Kara yolu ve demir yolunda hızların artmasıyla modlarda önemli gelişmeler olduğunu ifade eden Apaydın, hızlı trenlerin devreye alınmasıyla diğer bağlantıların da hızlı trenlerin varış-çıkış istasyonlarına birtakım entegrasyonlar geliştirildiğini bildirdi.     

Apaydın, toplam 4 bin 22 kilometre yeni hat inşaatının devam ettiğini ve toplam 13 bin 481 kilometre yapım-ihale ve proje aşaması süren hatlar olduğunu aktardı.     

Önemli lojistik merkezlerin de bu hatlara göre planlandığına işaret eden Apaydın, "İşletmeye alınan 9, Mersin-Yenice ve Konya-Kayacık'ta işletmeye alınacak 2, yapımı devam eden, ihale ve proje aşamasında 21 adet lojistik merkez var. Gerek kara yoluyla entegrasyon gerek sanayiyle olan bağlantıları da göz önüne aldık." dedi.    

Apaydın, yapımı devam eden banliyö trenlerinin de şehir içi raylı sistem entegrasyonlarını sağlayacak şekilde projelendirildiğine dikkati çekerek şunları kaydetti:     

"2023 hedefleri kapsamında, YHT demir yolu 2 bin 116 kilometre, hızlı tren 9 bin 586 kilometre, konvansiyonel 796 kilometre olmak üzere toplam 12 bin 498 kilometre demir yolu ağıyla hedeflerimizi gerçekleştirmek için çalışıyoruz.
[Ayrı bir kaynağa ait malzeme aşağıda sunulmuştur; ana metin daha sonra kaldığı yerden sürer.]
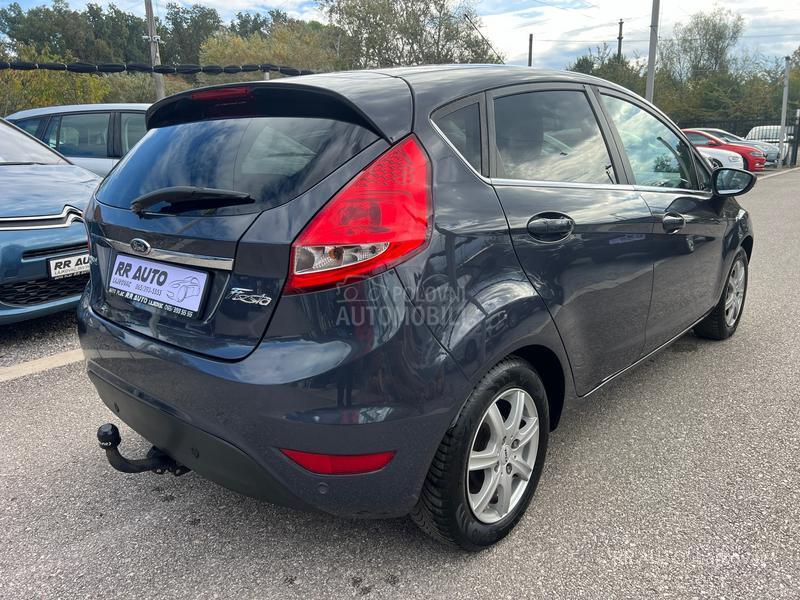 Ford Fiesta 1.6TDCI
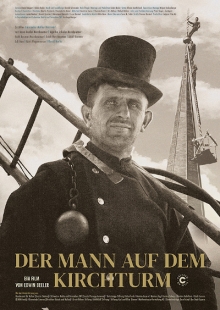 Der Mann Auf Dem Kirchturm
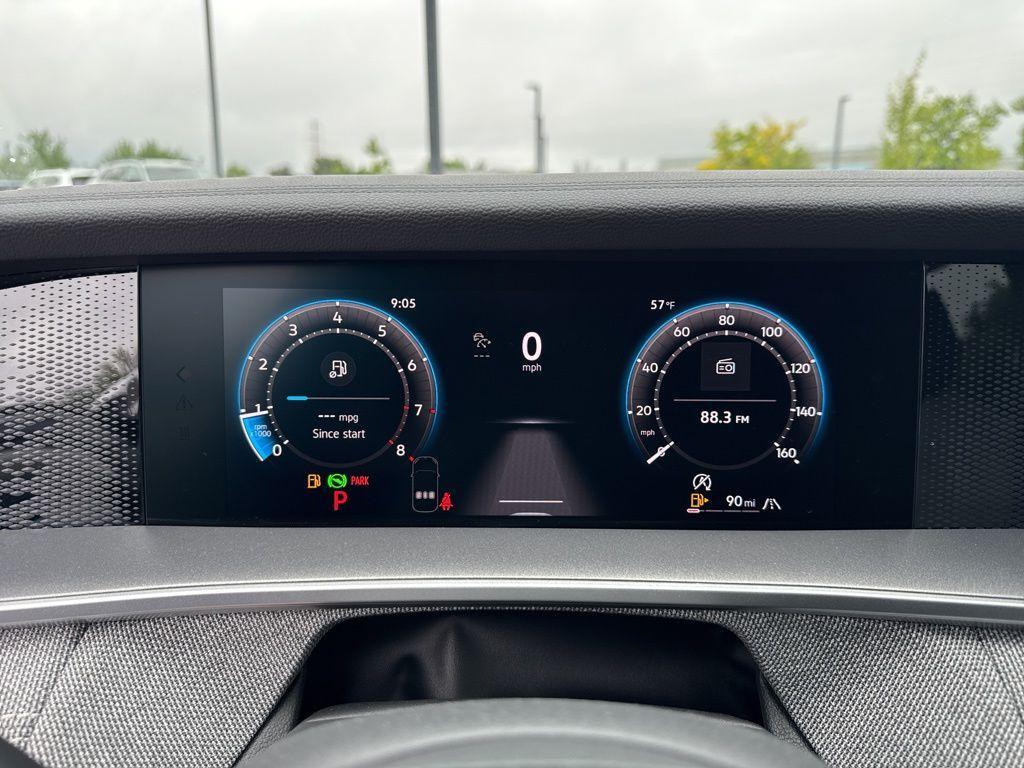 new 2025 Volkswagen Tiguan car, priced at $31,567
Yeni geliştirdiğimiz koridorlarımızı diğer modlarımızla gerek demir yolu gerek hava ve deniz yolu taşımacılığı için mümkün olduğu takdirde bağlamak için çalışmalarımız sürüyor. İstanbul Havalimanı'ndan geçen bir hızlı tren projemiz de hazırlandı, inşallah yapım aşamasına geçeceğiz."     

Konuşmaların ardından, katılımcılar adına TEMA Vakfına bağışlanan fidanların sertifikaları verildi.